Anyone with even a passing interest in our team knows what should have happened at the end of 2011. In hindsight, the decision to lose Francona and Epstein seems far too reactionary; and that agonizingly protracted search for a new manager, the death by a thousand cuts that landed the tiresome Bobby Valentine on Yawkey Way signaled to me that 2012 held little promise of post-season baseball in Boston. And, in the opinion of this greenhorn scribe, the so-called Punto trade – or at least some variation of it - should have been made much earlier.
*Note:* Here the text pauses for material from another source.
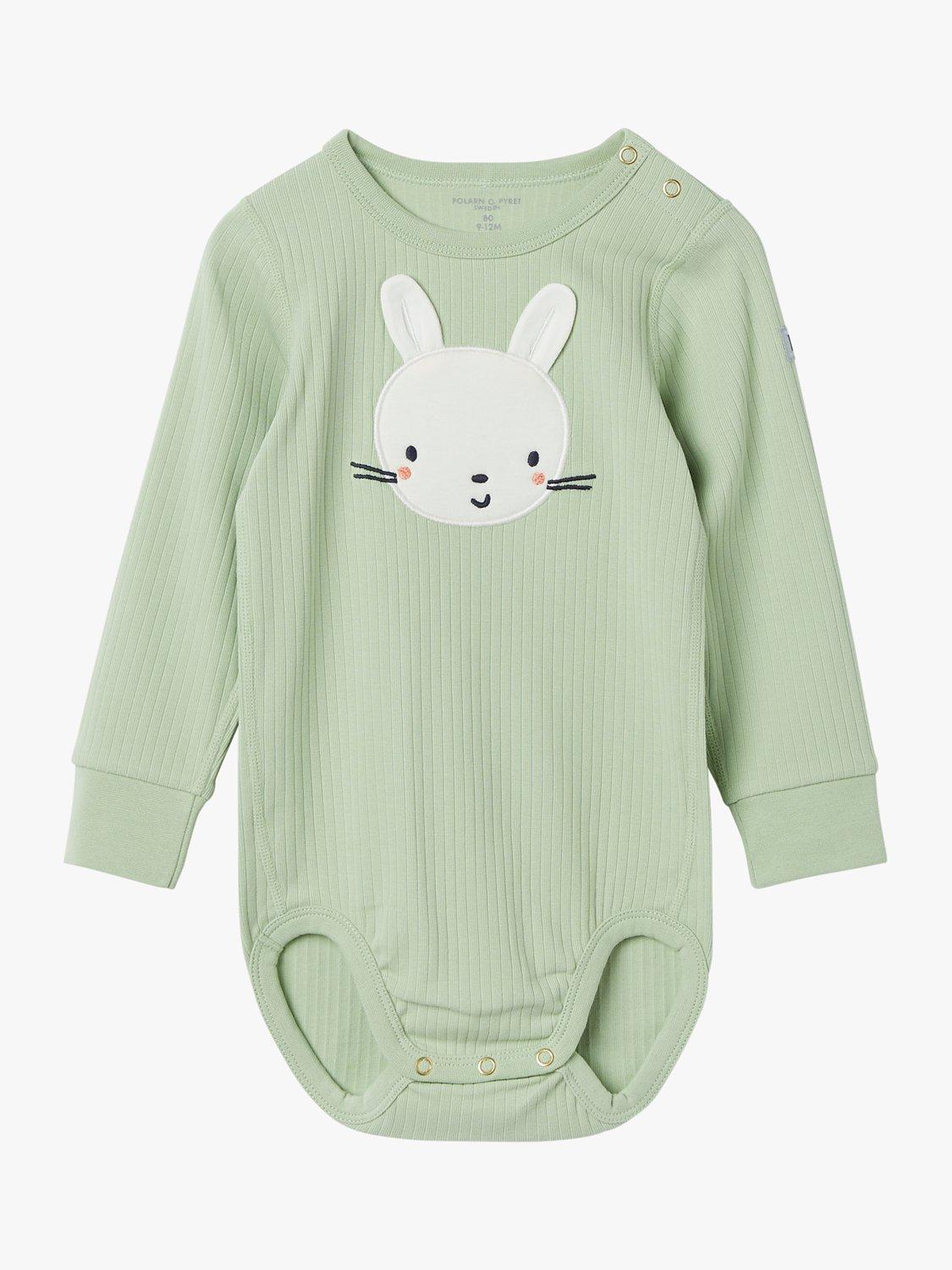 Polarn O. Pyret Baby Organic Cotton Rib Bunny Applique Bodysuit, Green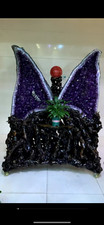 770LB TOP A pair Natural Amethyst geode quartz carved crystal Decoration+stand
The intrinsic element of a functioning ballclub is of course a team – and a team in the term’s literal sense. What Red Sox Nation has endured through this season cannot be described as team. The first fractures were inflicted by Francona’s firing and with each subsequent boneheaded managerial move, the fissures between the developing clubhouse factions grew and grew, fostering a hostile environment hardly conducive to successful major league play. And at the epicenter of all the turgid, distracting drama that has enveloped the club this season is, of course, Bobby Valentine. Appointing Valentine was analogous to the owner of a racehorse stable firing The Horse Whisperer and bringing in a throwback plantation overseer, albeit one with a perfect coif, a used-car salesman’s smile and a penchant for the spotlight. And overseers don’t empathise with their subordinates, let alone play cribbage with them.
There are the building blocks of a tenable team still present in the clubhouse, but it will take someone with better skills than the current manager to slide them into place next year. I can only hope that some discreet telephone calls up north are being made from behind the big desk at Yawkey Way and that certain negotiations are well underway. Something has to be done – some changes need to be made – because I’m not sure that the Nation can take another lousy season like this.